Para este propósito, el equipo de investigación realizó estudios de asociación de genoma (GWAS, por sus siglas en inglés) en la proporción de grasa corporal distribuida en estas partes del cuerpo, lo que se complementó con análisis estratificados por sexo, para identificar las diferencias entre hombres y mujeres.

Estos minuciosos análisis permitieron identificar 98 asociaciones genéticas independientes que afectan la distribución del tejido adiposo a los diferentes compartimentos del cuerpo, de las cuales 29 no se han asociado previamente con ningún fenotipo relacionado con la adiposidad.

Los resultados también muestran que los efectos genéticos que influyen en la distribución de la grasa son más fuertes en las mujeres en comparación con los hombres, lo que resulta consistente con GWAS previos que han revelado dimorfismos sexuales en loci genéticos para fenotipos relacionados con la adiposidad.
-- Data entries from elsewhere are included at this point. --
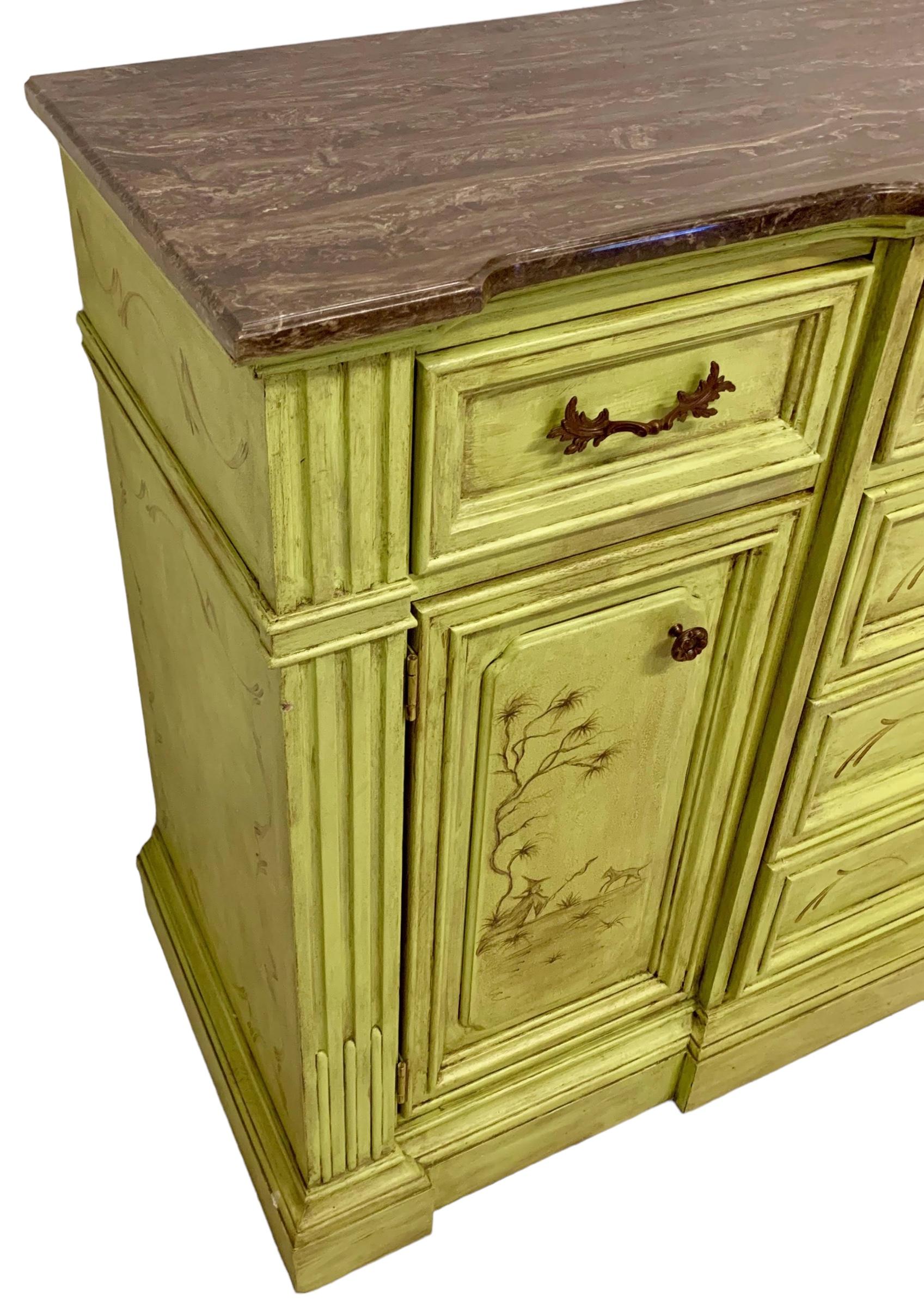 American 20th-C. Patina Style Hand Painted Marble Top Chinoiserie Sideboard / Credenza  For Sale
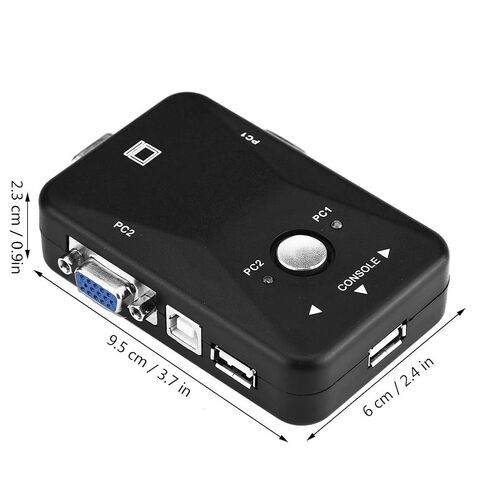 VGA Video Switch, 2 Ports, Manual Switch Box, USB 2.0 KVM Switch, Online Games, Supports ABS 3.7 x 4 x 0.9 Inch (Bite) in Saudi Arabia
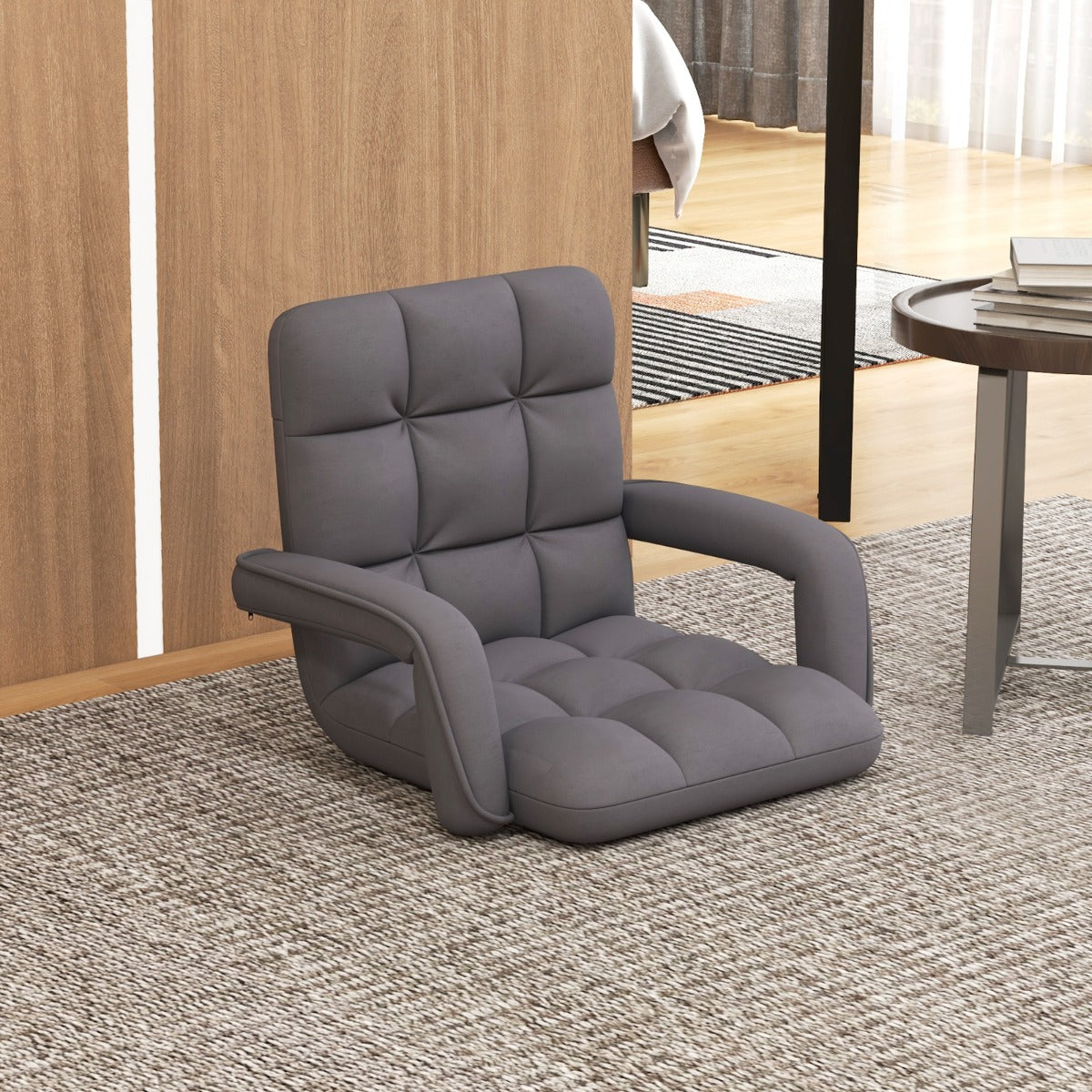 Silla de Juego de Suelo para Adultos con Soporte para Espalda Sillón Plegable Ajustable en 6 Posiciones con Reposabrazos Silla de Ocio Gris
Acumulación de tejido adiposo

La doctora Asa Johansson, investigadora afiliada al Departamento de Inmunología, Genética y Patología de la Universidad de Uppsala y autora principal del estudio, comentó los resultados expresando:

“Nos sorprendió la gran cantidad de efectos genéticos que fueron más fuertes o que sólo se presentaron en las mujeres. Tras un examen más detallado, se descubrió que varios de los genes asociados codifican proteínas que dan forma activa a la matriz extracelular, que constituye la estructura de soporte alrededor de células”.

Los hombres tienden a acumular grasa en mayor medida alrededor del abdomen.

La acumulación de tejido adiposo alrededor de las vísceras y los órganos internos del cuerpo, se asocia con un mayor riesgo de enfermedad. Los hombres tienen una mayor cantidad de grasa abdominal que las mujeres y esto puede explicar la mayor prevalencia de enfermedad cardiovascular observada en los hombres.

En contraste, la acumulación preferencial de tejido adiposo en las extremidades inferiores, es decir, las caderas y las piernas, se ha sugerido como un factor que contribuye a la menor incidencia de infarto de miocardio y muerte coronaria observada en mujeres durante la mediana edad.

Por lo tanto, explican los autores, el resultado del estudio actual puede conducir al desarrollo de nuevas intervenciones para reducir el riesgo de enfermedad cardiovascular asociado al sobrepeso y la obesidad.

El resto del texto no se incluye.